Executive Summary
Africa is at the heart of the green energy transition, as vast reserves of many of the critical minerals required to power the clean energy transition are located on the continent. This gives Africa a key opportunity to leverage the global demand for those minerals while reducing the funding gap and helping the continent meet its development objectives.
In 1957, Jean Monnet and Robert Schuman dreamt of a Europe linked by coal and steel, protected from war by the benefits of inter-country cooperation. They could not have foreseen how successful the dream would become, and how effective uniting key countries around a common market for those commodities would be to deter war and enable economic prosperity.
The 1960s saw the development of OPEC, an organisation enabling the cooperation of leading oilproducing nations, to influence the global oil market. Member states leveraged their commodity wealth to power economic development, which ultimately enabled a few oil-rich countries to change the trajectory of their economic destiny.
Today, the imperative to reduce Greenhouse Gas (GHG) emissions through reliance on clean energy is driving another massive transformation - the demand for critical minerals needed for the green energy transition. This creates an opportunity for the African continent to leverage its critical mineral wealth and fast-track economic transformation.
Amidst some rapid changes, there are a few facts that are not going to change over the next 30 years:
• Demand for critical minerals will continue to grow.
• Africa is home to approximately 30% of the critical minerals needed to power the energy transition.
• The pressure to reduce GHG emissions and maintain temperature growth below 2°C is not going to abate.
The central questions are: how will the continent leverage its mineral wealth to attract more investment, and which key objectives will it pursue?
This report suggests a mechanism that enables the continent to leverage its mineral wealth and to attract financing at a lower cost. This is achieved through shielding lenders and investors from the dual currency and convertibility risks that currently constrict international investors’ appetite for investments in transformational projects at scale.

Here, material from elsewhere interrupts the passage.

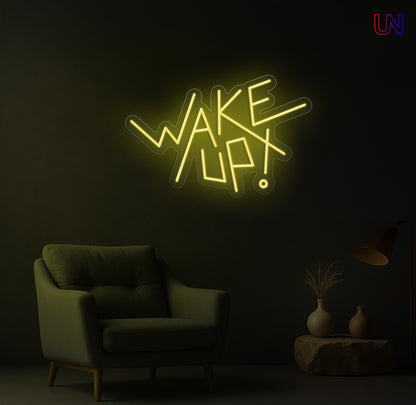 Wake Up Neon Sign – Modern Motivational Custom Neon Wall Light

This report proposes a mechanism that mitigates these risks, relying on the fact that a basket of critical commodities holds its value better than any African currency. Using a non-circulating currency underpinned by such a basket to finance clean energy projects in Africa could reliably mitigate the currency and convertibility risks embedded in such projects. This significantly reduces the high cost of financing paid by most African countries and creates an opportunity for a substantial rise in foreign direct investment into the continent.